Unnamed: 0,animal,age,type
0,Dog,2,Domestic
1,Cat,4,Domestic
2,Pig,5,Domestic
3,Lion,7,Wild
4,Elephant,3,
5,Horse,3,Sport



An important consideration here is the `ignore_index` parameter, which is used to control how the index is handled during concatenation.

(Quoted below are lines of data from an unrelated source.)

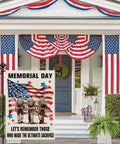 Memorial Day porch decor with stars and stripes banner, American flag patterns, and soldiers. Patriotic Memorial Day Garden Flag displayed.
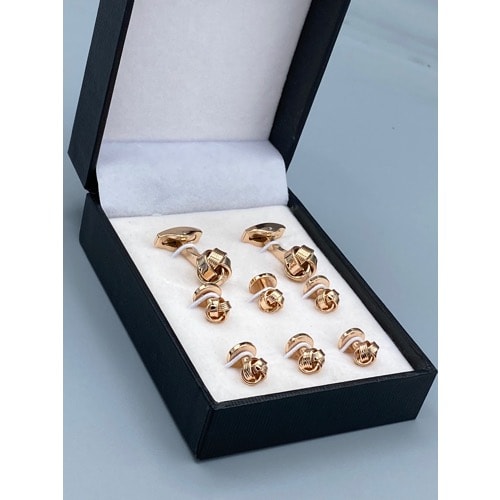 Men's Polished Steel Cuff Links Set - Rose Gold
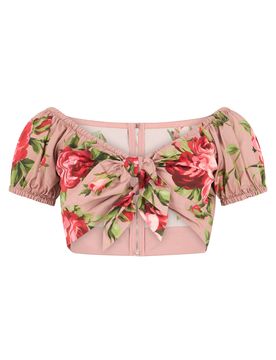 Rose Bouquet-print Cotton Top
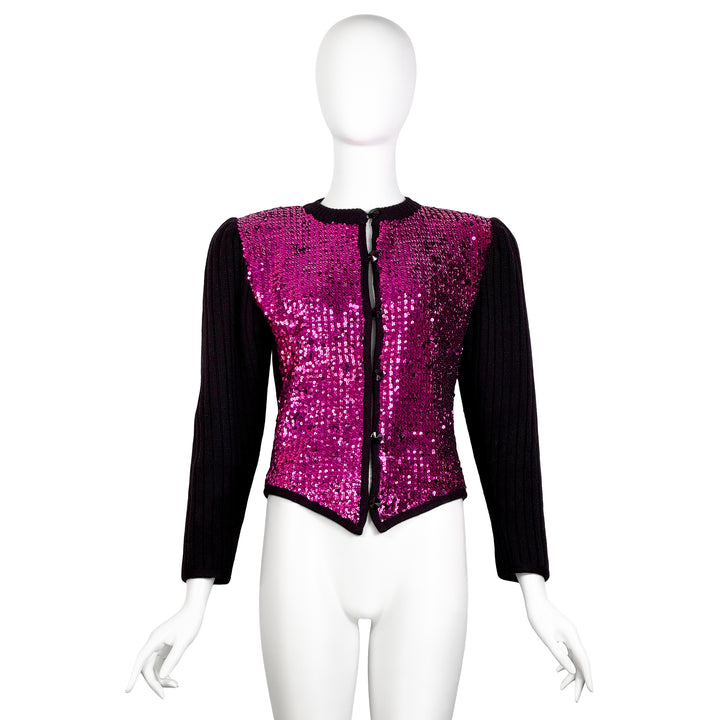 VINTAGE YVES SAINT LAURENT AW 1983 FUCHSIA SEQUIN BLACK KNIT CARDIGAN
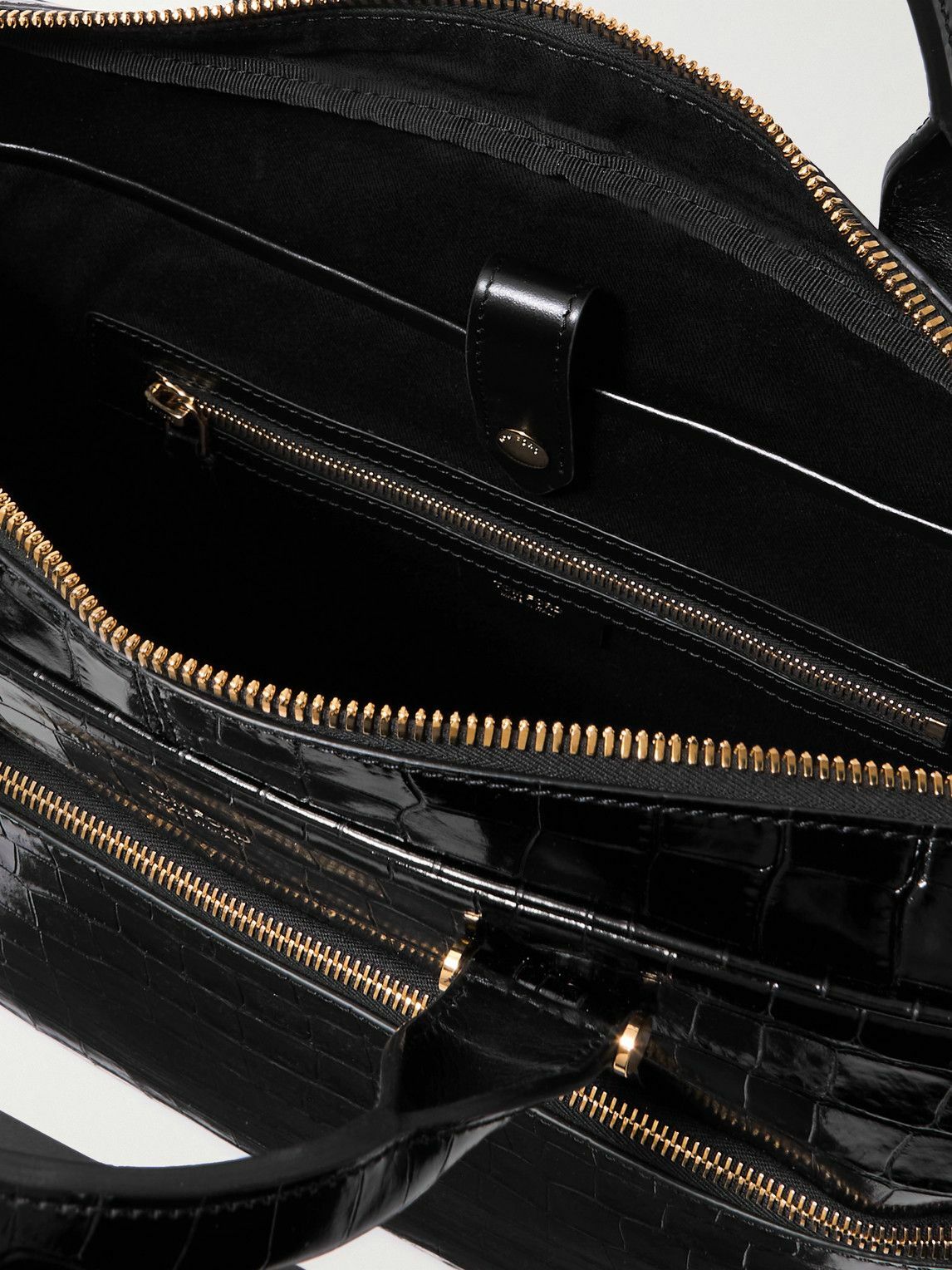 TOM FORD - Croc-Effect Leather Briefcase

- `ignore_index=True`: With this setting, Pandas resets the index to the default integer index. This means the resulting `DataFrame` will have a new index ranging from `0` to `n-1`, where `n` is the length of the `DataFrame`. Values in the second `DataFrame` are appended to the end of the first `DataFrame`, and the index is renumbered to reflect this continuous sequence.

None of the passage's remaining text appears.